= John Humfrey =

English clergyman

John Humfrey (1621–1719) was an English clergyman, an ejected minister from 1662 and controversialist active in the Presbyterian cause.

==Life==
He graduated B.A from Pembroke College, Oxford in 1641, and M.A. in 1647. He studied in Oxford during the royalist occupation there.

He received presbyterian ordination in 1649, and became vicar of Frome Selwood, Somerset. He defended with Thomas Blake free admission to communion, in a controversy that opposed him to Roger Drake. His views of the Interregnum period were Erastian.

He was re-ordained by William Piers, Bishop of Bath and Wells in 1661. Humfrey defended his action, in The Question of Re-Ordination(1661). He shortly changed his mind, however, and lost his living in 1662 for nonconformism. He set up a church in Duke's Place, London, and afterwards in Petticoat Lane, Whitechapel.

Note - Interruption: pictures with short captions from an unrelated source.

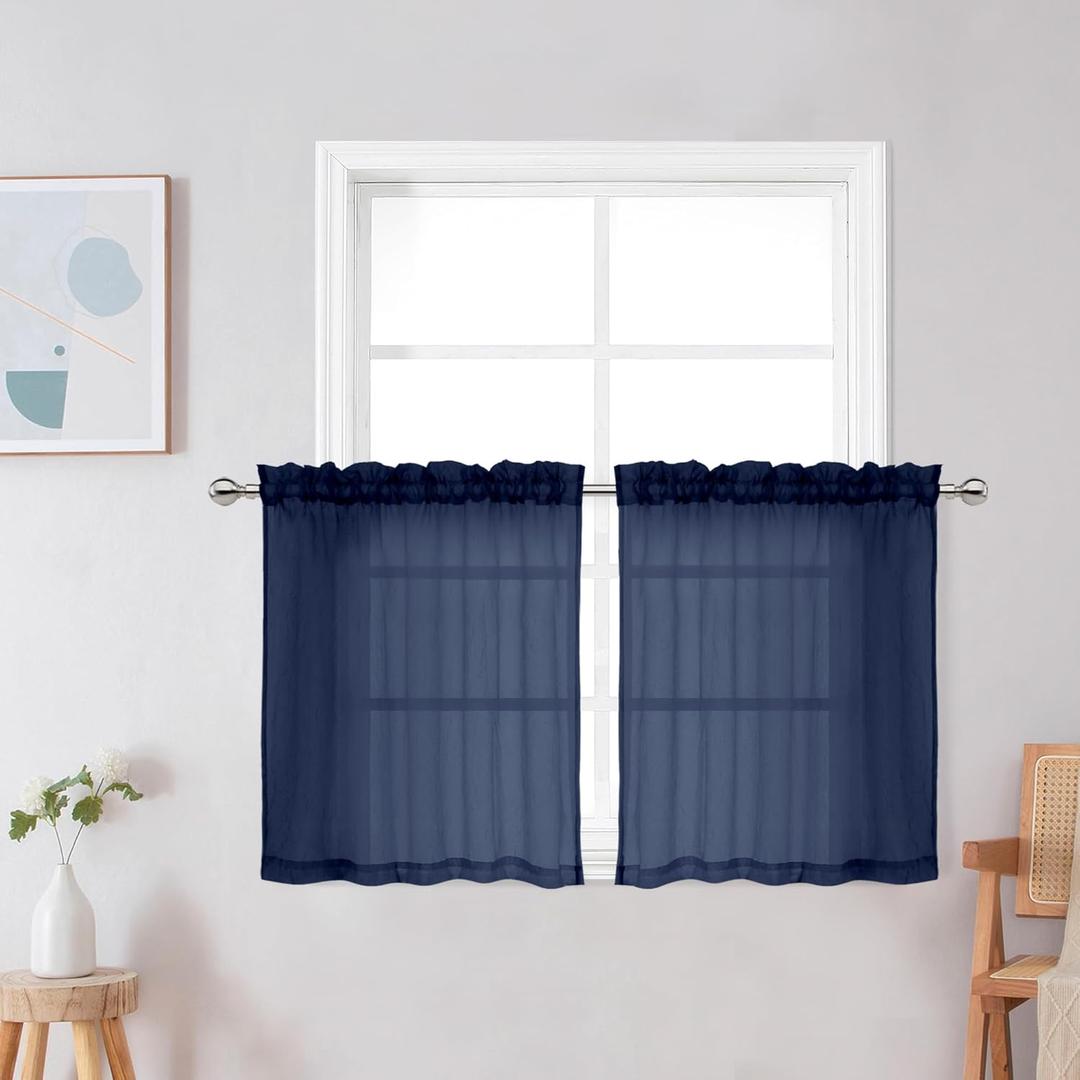 OWENIE Crushed Navy Tier Curtains for Small Window Treatment 24 Inch Long 2 Panels Set, Short Sheer With Rod Pocket - Half Window for Kitchen, Cafe 42 Inches Wide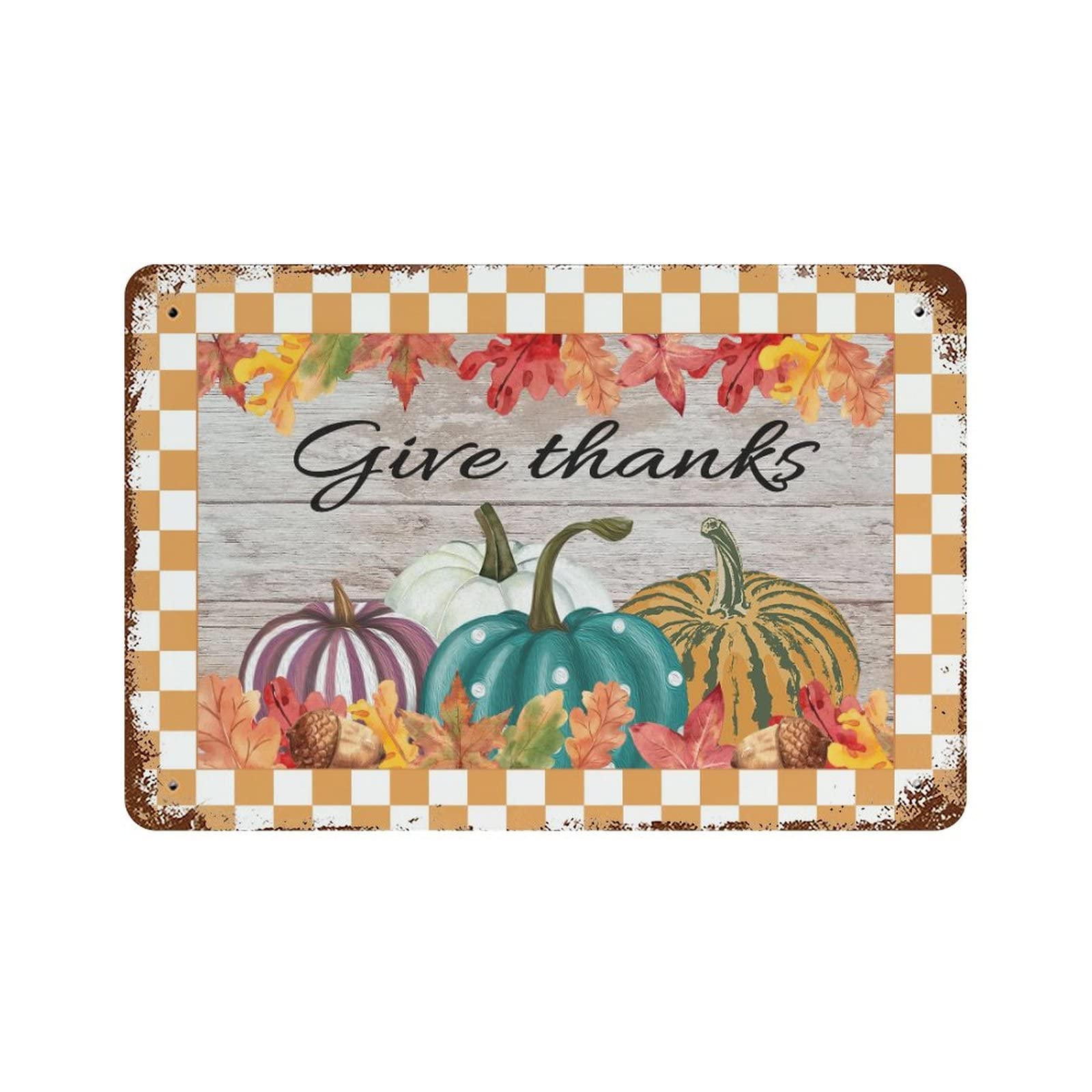 Panneau en aluminium Thanksgiving pour décorer votre entrée extérieure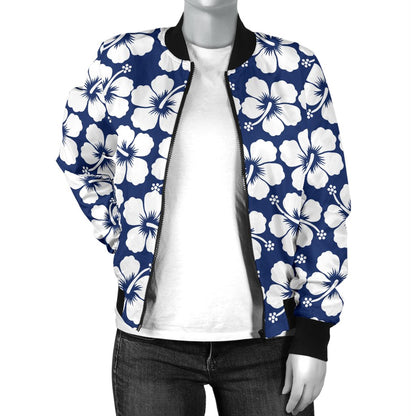 Hibiscus Blue Hawaiian Flower Pattern Women Casual Bomber Jacket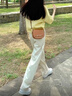 雅黛絲薇休閑褲女夏季搭配套裝時尚女裝小個子穿搭減齡休閑衣服兩件裝褲子 黃色上衣+杏色褲子 S （建議85-98斤） 曬單實拍圖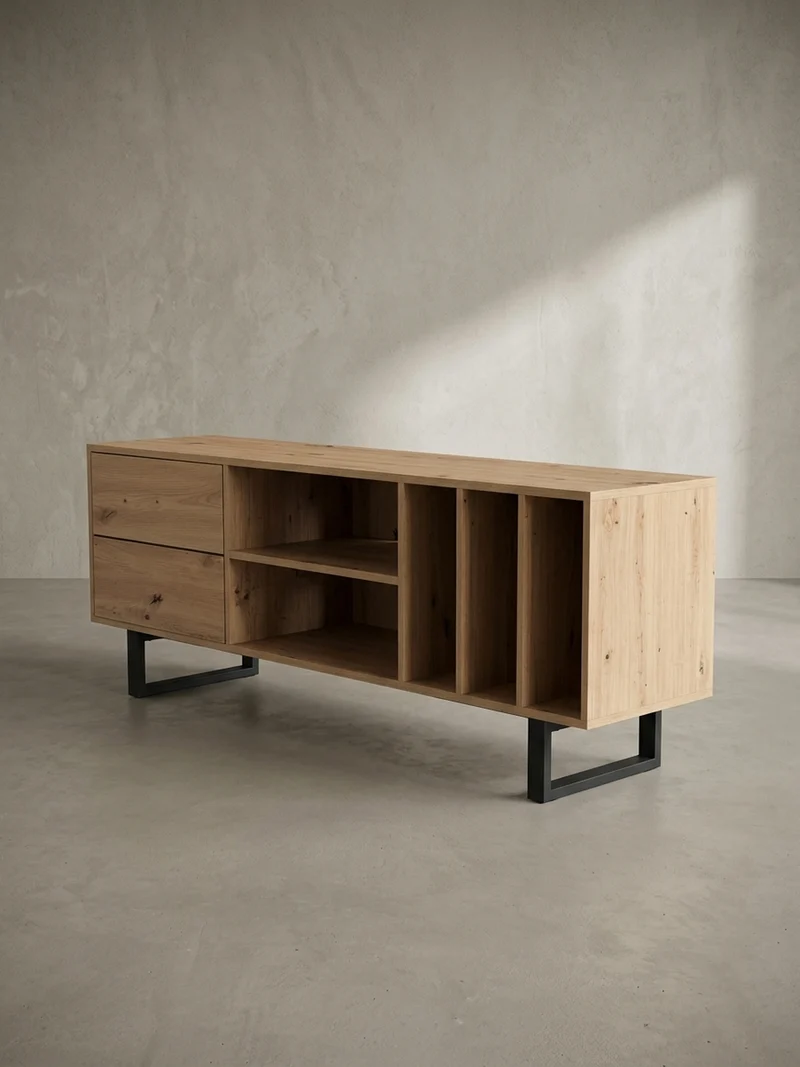TV-Lowboard mit Eiche-Dekor, Schubladen und offenes Regal, modern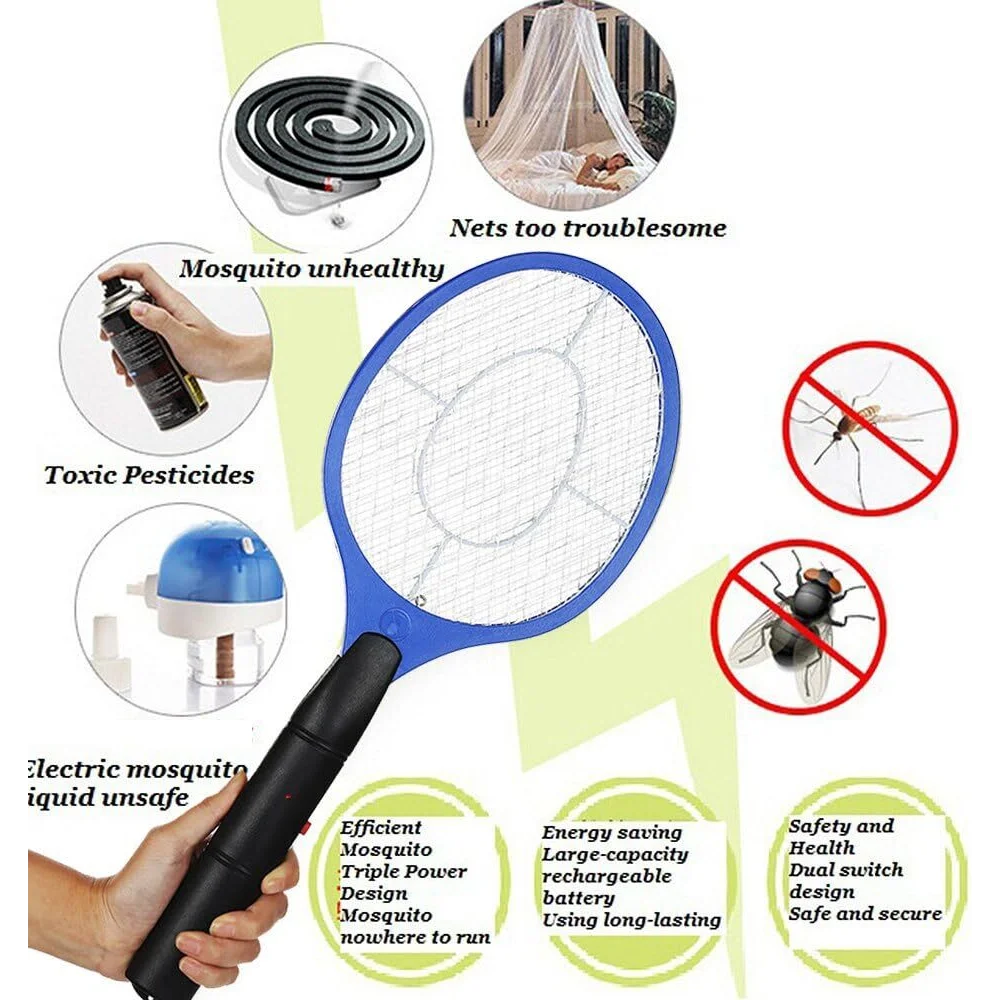 3x BUG ZAPPER RACKET Fly Mosquito Pest Swatter Net Racquet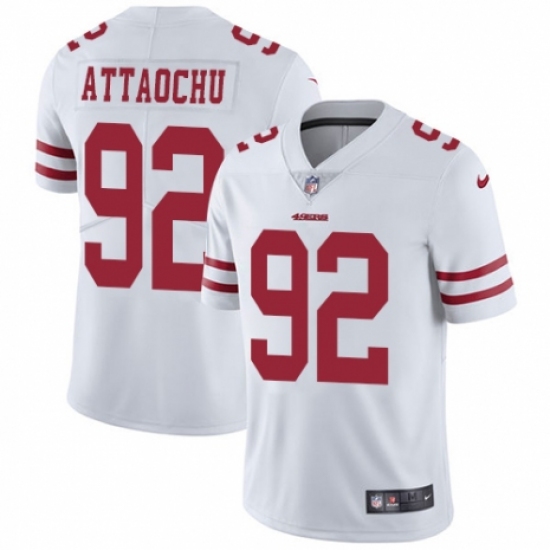 Men's Nike San Francisco 49ers 92 Jeremiah Attaochu White Vapor Untouchable Limited Player NFL Jersey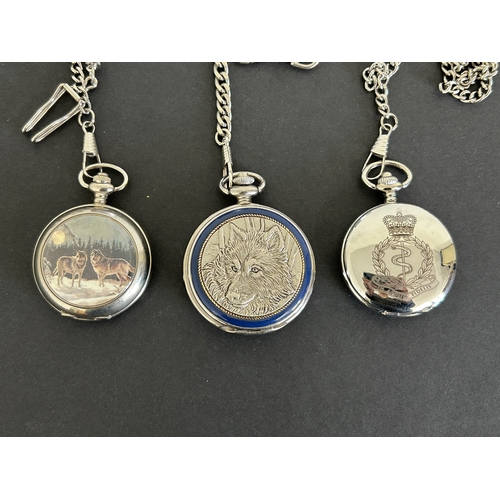 174 - Three vintage style pocket watches on chains including a Franklin Mint example plus various wristwat... 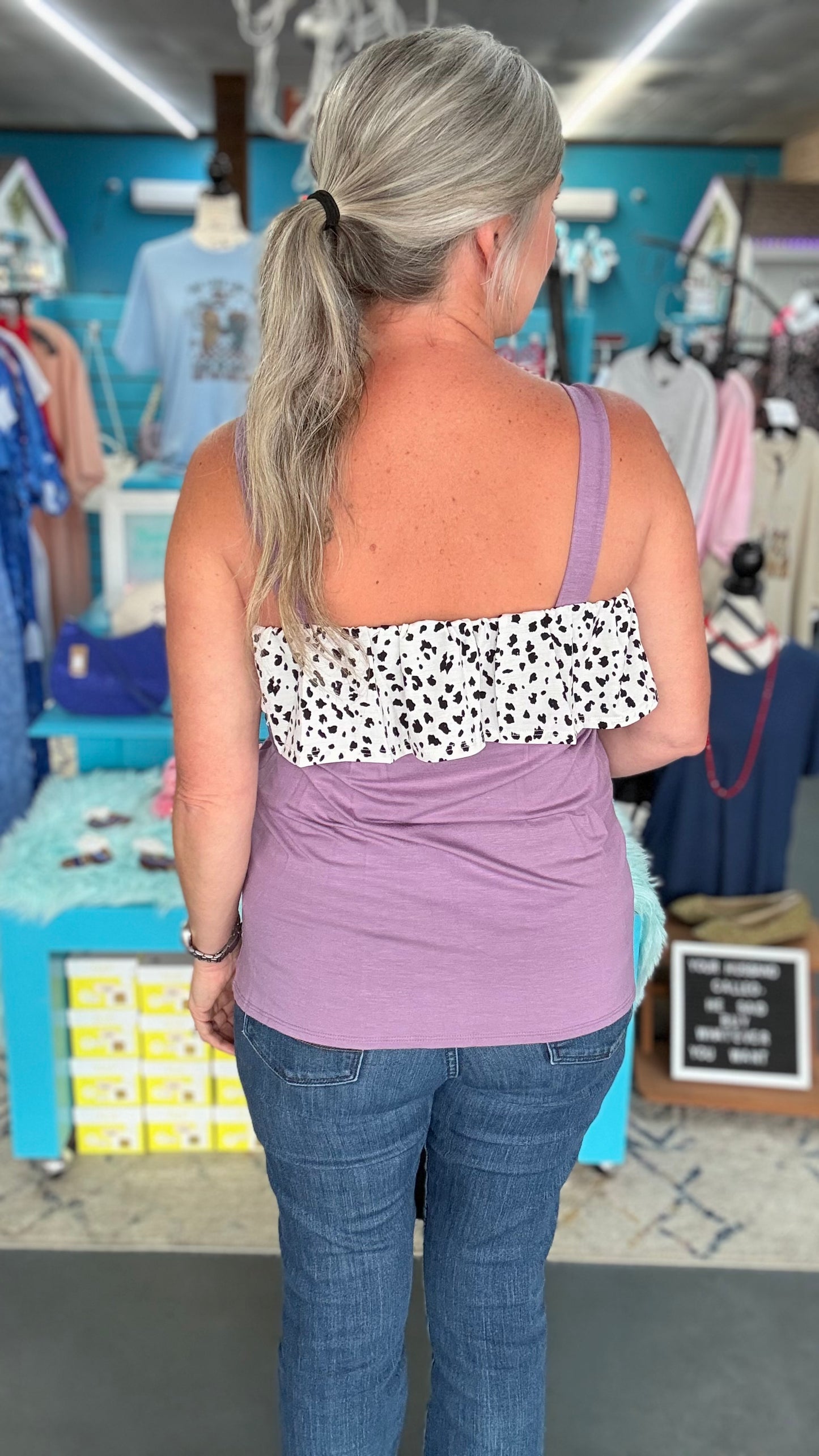 Dalmatian Ruffle Tank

With the congregationalist Stephen Lobb he wrote two works against Edward Stillingfleet's Mischief of Separation. He was a staunch advocate of a national church and the unity of Protestants within it, and supported ‘comprehension’, the adjustment of positions to bring nonconformists back within the Church of England. His A Case of Conscience (1669) argued that in matter of religion the magistrate should not constrain people against the requirements of their conscience.